The other notable variation from mixed farming occurred in the more arid parts of Africa and Central Asia. There, pastoralism, a way of life dependent on large herds of small and large stock, predominated. As the Sahara approached its maximum dryness around 2500 b. c.e., pas-toralists replaced farmers, who migrated southward (see Chapter 8). Moving their herds to new pastures and watering places throughout the year made pastoralists almost as mobile as foragers and discouraged accumulation of bulky possessions and construction of substantial dwellings. Like modern pastoralists, early cattle-keeping people probably relied more heavily on milk than on meat, since killing animals diminished the size of their herds. During wet seasons, they may also have done some hasty crop cultivation or bartered meat and skins for plant foods with nearby farming communities.
Why did the Agricultural Revolutions occur? Some theories assume that people were drawn to food production by its obvious advantages. For example, it has recently been suggested that people in the Middle East might have settled down so they could grow enough grains to ensure themselves a ready supply of beer. Beer drinking is frequently depicted in ancient Middle Eastern art and can be dated to as early as 3500 b. c.e.
However, most researchers today believe that climate change drove people to abandon hunting and gathering in favor of agriculture or pastoralism. Temperatures warmed so much at the end of the Great Ice Age that geologists give the era since about 9000 b. c.e. a new name: the Holocene°. There is evidence that temperate lands were exceptionally warm between 6000 and 2000 b. c.e., the era when people in many parts of the world adopted agriculture.
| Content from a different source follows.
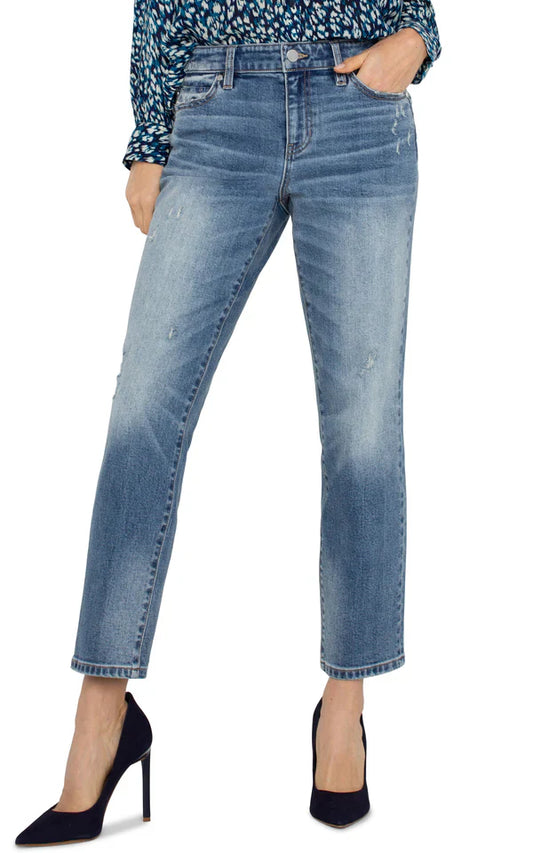 Liv Non-Skinny Skinny Jean (Montrose) - BAY WINDOW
The precise nature of the crisis probably varied. Shortages of wild food in the Middle East caused by a dry spell or population growth may have prodded people to take up food production. Elsewhere, a warmer, wetter climate could turn grasslands into forest, thereby reducing supplies of game and wild grains.
Additional support for an ecological explanation comes from the fact that in many drier parts of the world, where wild food remained abundant, people did not take up agriculture. The inhabitants of Australia continued to rely exclusively on foraging until recent centuries, as did some peoples on all the other continents. Many Amerindians in the arid grasslands from Alaska to the Gulf of Mexico hunted bison, while in the Pacific Northwest others took up salmon-fishing. Abundant supplies of fish, shellfish, and aquatic animals permitted food gatherers east of the Mississippi River to become increasingly sedentary. In Africa conditions favored retention of the older ways in the equatorial rain forest and in the southern part of the continent. The reindeer-based societies of northern Eurasia were also unaffected by the spread of farming.
Whatever the causes, the gradual adoption of food production transformed most parts of the world. A hundred thousand years ago there were fewer than 2 million people, and their range was largely confined to the temperate and tropical regions of Africa and Eurasia. The population may have fallen even lower during the last glacial epoch, between 32,000 and 13,000 years ago. Then, as the glaciers retreated and people took up agriculture, their numbers rose. World population may have reached 10 million by 5000 b. c.e. and then mushroomed to between 50 million and 100 million by 1000 b. c.e.1 This increase led to important changes to social and cultural life.